Letzterem wollte das in letzter Instanz mit dem Fall befasste Bundessozialgericht nicht widersprechen. Es gab der Revision der Praktikantin dennoch statt.

Nach Ansicht der Richter steht das eigene – unversicherte – Interesse der Frau, den potenziellen Arbeitgeber kennenzulernen, dem Versicherungsschutz in der gesetzlichen Unfallversicherung nicht entgegen. Denn nach der Satzung der beklagten Berufsgenossenschaft seien Teilnehmer an einer Betriebsbesichtigung grundsätzlich versichert.

Von der entsprechenden Klausel seien folglich auch Bewerber bei Vorstellungsgesprächen und unentgeltlichen Probearbeits-Verhältnissen erfasst. Denn der offenkundige Sinn der Klausel sei es, Unternehmer umfassend von Haftungsrisiken zu befreien, die durch erhöhte Gefahren bei einer Betriebsbesichtigung entstehen.

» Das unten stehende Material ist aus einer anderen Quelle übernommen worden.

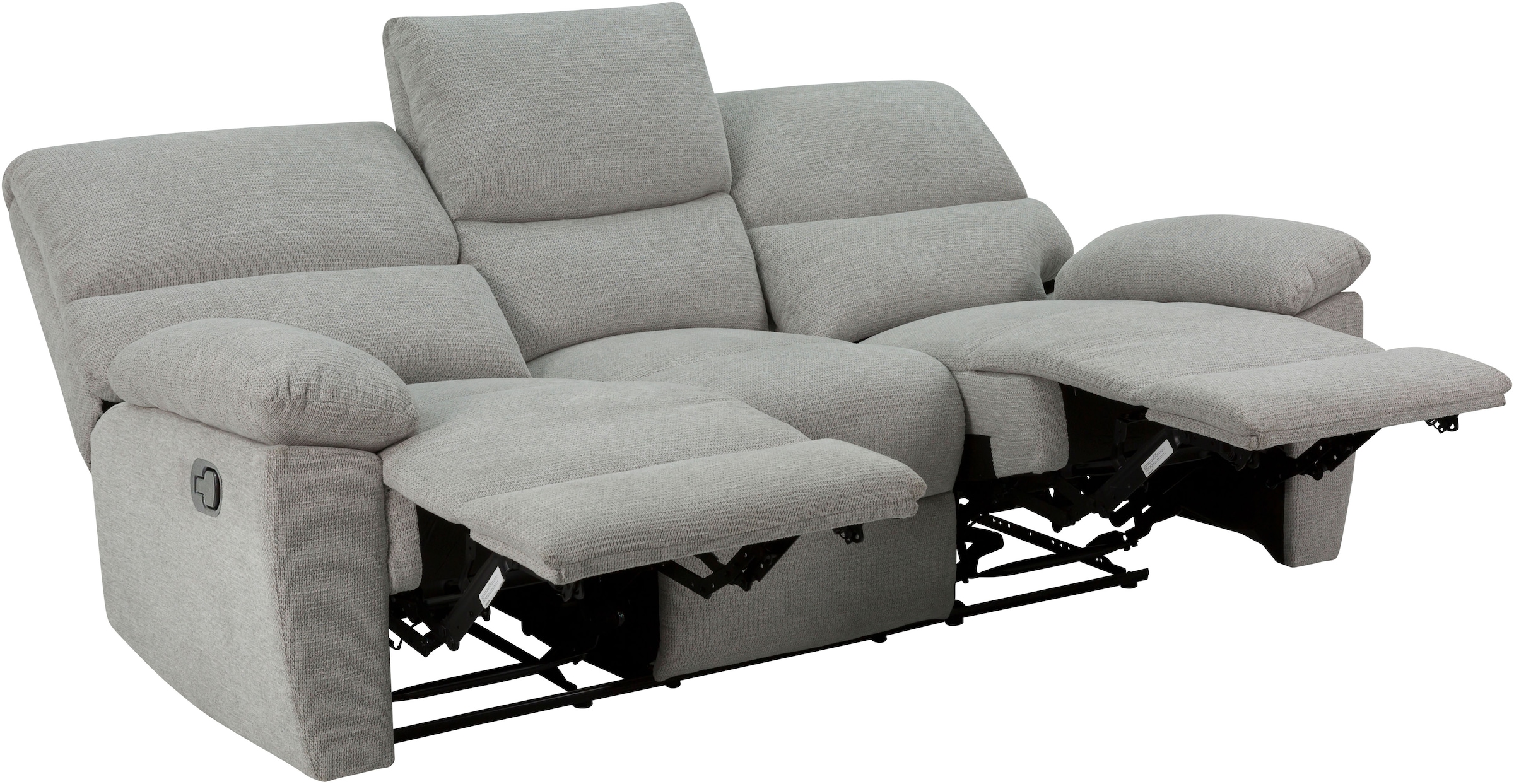 Home affaire 3-Sitzer »LANNOY, manuelle o. elelektrische Relaxfunktion in 2 Sitzen, USB A/C«, Liegefunktion (105°-150°), Reclinersofa, Webstoff, Federkern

Betriebsbesichtigung als ausgeübte Verrichtung

Im Fall der Klägerin komme es folglich nicht auf den gesamten Kennenlern-Praktikumstag an, sondern auf die letzte, unmittelbar vor dem Unfallereignis konkret ausgeübte Verrichtung. Die aber habe in der Betriebsbesichtigung bestanden.

Dass Arbeitssuchende, die sich auf ein unentgeltliches Probearbeits-Verhältnis einlassen, im Falle eines Unfalls durchaus unter dem Schutz der gesetzlichen Unfallversicherung stehen können, belegt ein Urteil des Bundessozialgerichts vom 20. August 2019.

Immer wieder Streit mit ungewissem Ausgang

Ob ein Anspruch gegenüber einer Berufsgenossenschaft besteht, kann – wie in diesem Falle – oft nur durch einen Rechtsstreit geklärt werden. Dabei trägt das Unfallopfer das Prozesskostenrisiko. Sofern eine private Rechtsschutzversicherung besteht, trägt diese gegebenfalls auch die Kosten eines verlorenen Rechtsstreits.

Knackpunkt ist oft die Abgrenzung, ob ein Unfall dem beruflichen oder dem privaten Bereich zuzuordnen ist. Der entfällt bei privaten Policen, die beide Bereiche abdecken. Dazu gehören zum Beispiel die Unfall- und die Berufsunfähigkeits-Versicherung.